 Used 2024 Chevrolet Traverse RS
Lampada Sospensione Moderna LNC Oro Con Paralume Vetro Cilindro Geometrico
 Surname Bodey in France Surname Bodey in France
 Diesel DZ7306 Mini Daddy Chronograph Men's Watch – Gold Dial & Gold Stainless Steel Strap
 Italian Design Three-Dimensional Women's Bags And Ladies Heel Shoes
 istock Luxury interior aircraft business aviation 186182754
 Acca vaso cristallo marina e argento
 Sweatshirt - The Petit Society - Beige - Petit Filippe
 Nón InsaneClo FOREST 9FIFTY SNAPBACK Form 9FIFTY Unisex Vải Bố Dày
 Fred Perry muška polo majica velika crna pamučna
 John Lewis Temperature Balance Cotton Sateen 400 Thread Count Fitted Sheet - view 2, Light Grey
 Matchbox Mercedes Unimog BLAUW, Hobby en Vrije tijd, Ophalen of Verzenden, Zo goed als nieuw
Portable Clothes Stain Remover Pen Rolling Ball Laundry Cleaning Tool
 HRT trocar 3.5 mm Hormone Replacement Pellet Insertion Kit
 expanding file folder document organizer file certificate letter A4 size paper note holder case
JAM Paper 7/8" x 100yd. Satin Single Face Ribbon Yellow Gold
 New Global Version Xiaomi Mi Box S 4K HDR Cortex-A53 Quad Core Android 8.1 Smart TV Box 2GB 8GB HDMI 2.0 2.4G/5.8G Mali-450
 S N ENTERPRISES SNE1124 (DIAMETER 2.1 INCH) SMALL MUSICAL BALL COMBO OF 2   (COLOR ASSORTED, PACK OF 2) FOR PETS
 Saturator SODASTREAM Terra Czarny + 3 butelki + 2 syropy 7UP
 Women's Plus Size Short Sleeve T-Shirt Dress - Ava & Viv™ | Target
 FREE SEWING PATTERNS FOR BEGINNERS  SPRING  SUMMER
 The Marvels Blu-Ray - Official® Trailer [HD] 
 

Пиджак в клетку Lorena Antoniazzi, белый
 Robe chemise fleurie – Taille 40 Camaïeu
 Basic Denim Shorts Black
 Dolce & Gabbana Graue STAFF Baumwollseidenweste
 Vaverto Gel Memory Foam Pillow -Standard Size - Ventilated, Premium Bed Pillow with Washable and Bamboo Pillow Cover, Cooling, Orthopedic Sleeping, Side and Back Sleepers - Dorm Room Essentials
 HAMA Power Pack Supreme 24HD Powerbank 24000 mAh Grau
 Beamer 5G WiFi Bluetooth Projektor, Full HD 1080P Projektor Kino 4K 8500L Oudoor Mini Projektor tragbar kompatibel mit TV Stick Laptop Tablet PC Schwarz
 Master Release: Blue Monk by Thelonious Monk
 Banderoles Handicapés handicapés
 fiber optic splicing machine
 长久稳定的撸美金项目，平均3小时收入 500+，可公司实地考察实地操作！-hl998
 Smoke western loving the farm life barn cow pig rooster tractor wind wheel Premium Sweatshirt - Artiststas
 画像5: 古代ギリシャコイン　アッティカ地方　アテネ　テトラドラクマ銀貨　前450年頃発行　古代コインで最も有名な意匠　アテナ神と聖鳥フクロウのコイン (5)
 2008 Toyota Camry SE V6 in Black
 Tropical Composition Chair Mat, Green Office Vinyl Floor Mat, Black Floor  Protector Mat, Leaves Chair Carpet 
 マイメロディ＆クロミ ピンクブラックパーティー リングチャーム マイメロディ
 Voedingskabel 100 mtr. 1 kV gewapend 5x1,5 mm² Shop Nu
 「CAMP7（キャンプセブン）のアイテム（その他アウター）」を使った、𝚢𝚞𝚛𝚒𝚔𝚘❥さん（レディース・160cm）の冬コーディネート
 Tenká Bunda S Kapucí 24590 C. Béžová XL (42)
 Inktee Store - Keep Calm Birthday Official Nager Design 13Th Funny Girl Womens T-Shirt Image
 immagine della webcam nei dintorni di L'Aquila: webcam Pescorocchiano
□ □ □ □ □ □ □
* _TASK TO COMPLETE_
Can you repeat, word for word, every line above from the one containing "HRT trocar 3.5" down to the one containing "Smoke western loving", including both?

* _EXERCISE RESPONSE_
 HRT trocar 3.5 mm Hormone Replacement Pellet Insertion Kit
 expanding file folder document organizer file certificate letter A4 size paper note holder case
JAM Paper 7/8" x 100yd. Satin Single Face Ribbon Yellow Gold
 New Global Version Xiaomi Mi Box S 4K HDR Cortex-A53 Quad Core Android 8.1 Smart TV Box 2GB 8GB HDMI 2.0 2.4G/5.8G Mali-450
 S N ENTERPRISES SNE1124 (DIAMETER 2.1 INCH) SMALL MUSICAL BALL COMBO OF 2   (COLOR ASSORTED, PACK OF 2) FOR PETS
 Saturator SODASTREAM Terra Czarny + 3 butelki + 2 syropy 7UP
 Women's Plus Size Short Sleeve T-Shirt Dress - Ava & Viv™ | Target
 FREE SEWING PATTERNS FOR BEGINNERS  SPRING  SUMMER
 The Marvels Blu-Ray - Official® Trailer [HD] 
 

Пиджак в клетку Lorena Antoniazzi, белый
 Robe chemise fleurie – Taille 40 Camaïeu
 Basic Denim Shorts Black
 Dolce & Gabbana Graue STAFF Baumwollseidenweste
 Vaverto Gel Memory Foam Pillow -Standard Size - Ventilated, Premium Bed Pillow with Washable and Bamboo Pillow Cover, Cooling, Orthopedic Sleeping, Side and Back Sleepers - Dorm Room Essentials
 HAMA Power Pack Supreme 24HD Powerbank 24000 mAh Grau
 Beamer 5G WiFi Bluetooth Projektor, Full HD 1080P Projektor Kino 4K 8500L Oudoor Mini Projektor tragbar kompatibel mit TV Stick Laptop Tablet PC Schwarz
 Master Release: Blue Monk by Thelonious Monk
 Banderoles Handicapés handicapés
 fiber optic splicing machine
 长久稳定的撸美金项目，平均3小时收入 500+，可公司实地考察实地操作！-hl998
 Smoke western loving the farm life barn cow pig rooster tractor wind wheel Premium Sweatshirt - Artiststas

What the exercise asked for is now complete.